A place of worship –old with the new

In the second day of The Warehouse’s second CLAD (Community Listening and Discernment) we visited places of worship in the city bowl and I was struck by the diversity of the churches in the city. We first talked and prayed for Common Ground Inner city church. A colleague gave us the brief history of this young church plant (5 years old). The question this church seeks to address: “how does the place of worship become a space of inclusion and serving the marginalized in the city?”

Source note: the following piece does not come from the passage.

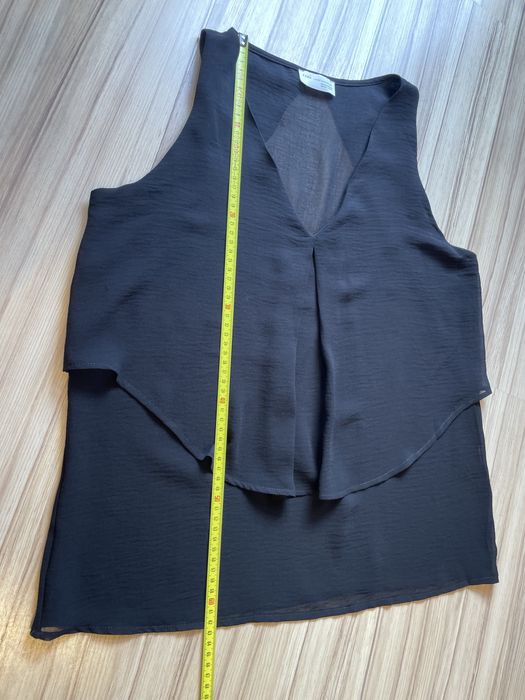 ZARA czarna efektowna bluzka damska / L / nowa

Then, a few miles away from this church plant, we found another church housing a Welfare and Development program. Because it was Ascension Day, all the other staff had a day off, but the caretaker was on duty. I conversed with him about the joys and challenges he is facing at his work/worship place. He mentioned long hours and a sense of not being appreciated for what he does. This led me to ask myself the question: “what things are present in our places of worship which are not appreciated?”

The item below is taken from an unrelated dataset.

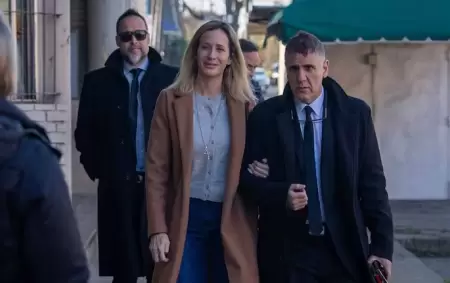 Así llegaba Julieta Prandi al juicio contra su ex marido, Claudio Contardi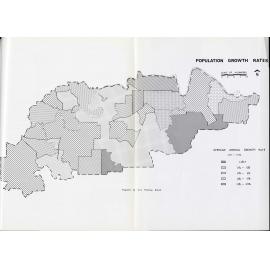 Map showing population growth rates for the Ipswich area, 1978-1979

So the journey led me to reflect about the resources the congregation have that they are taking for granted. It seems both ignorance and zeal cause people to “miss” or not to appreciate what they have. This makes them unable to act from a place of contentment and gratitude.

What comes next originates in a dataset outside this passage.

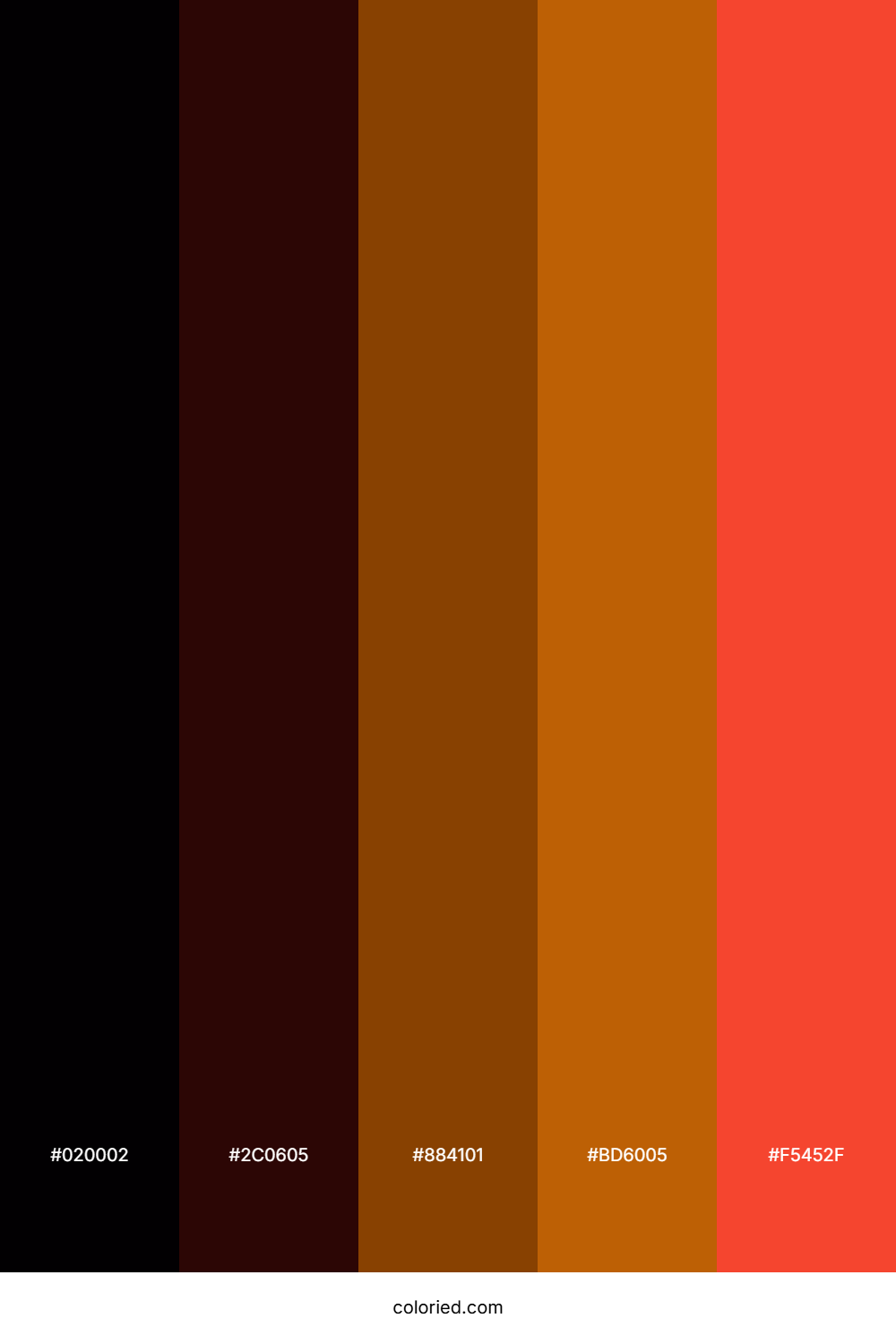 Molten Ember Crypt Color Palette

The conversation with the caretaker was informative and even though it was not the reason we went to that particular church, it did become the chief reflection for me. Our agenda was to go and listen to the organisation and pray for them. The caretaker reflected briefly about how a change of management in the institution/organisation can bring good things and one must be able to adapt to the new changes and be able to blend the old with the new.

Next we went to St Andrew’s Presbyterian Church, a beautiful building which was built in 1828. It has stained glass windows and is dedicated to different people who have served the church. My colleague picked up a pew leaflet to see the current membership and leadership of church and to read about the diversity of the church. My suspicion was that the church has become a community for foreign nationals (mainly from other parts of Africa) who have made this church their home. This building reflected the idea of the old with the new.

The question of how to serve the marginalised was depicted by St Andrew’s willingness to have offices space for Straatwerk. Straatwerk is an organization that has evolved from Friday nights reaching out to people living on the streets to becoming a training ground for the marginalised in the city. The partnership of Straatwerk as the new organization with the old congregation like St Andrew’s helps to prove the wisdom of the caretaker. I was stunned by the simplicity of the caretaker and yet his profound wisdom.

How is it possible to blend the old with the new, for example, the caretaker being the property manager? A caretaker is usually thought of as someone who is the security for the building, and the one who opens and locks the building. He also is someone who cares for the property’s garden.

Have we (the community of faith) thought of how we can up skill caretakers to be property managers?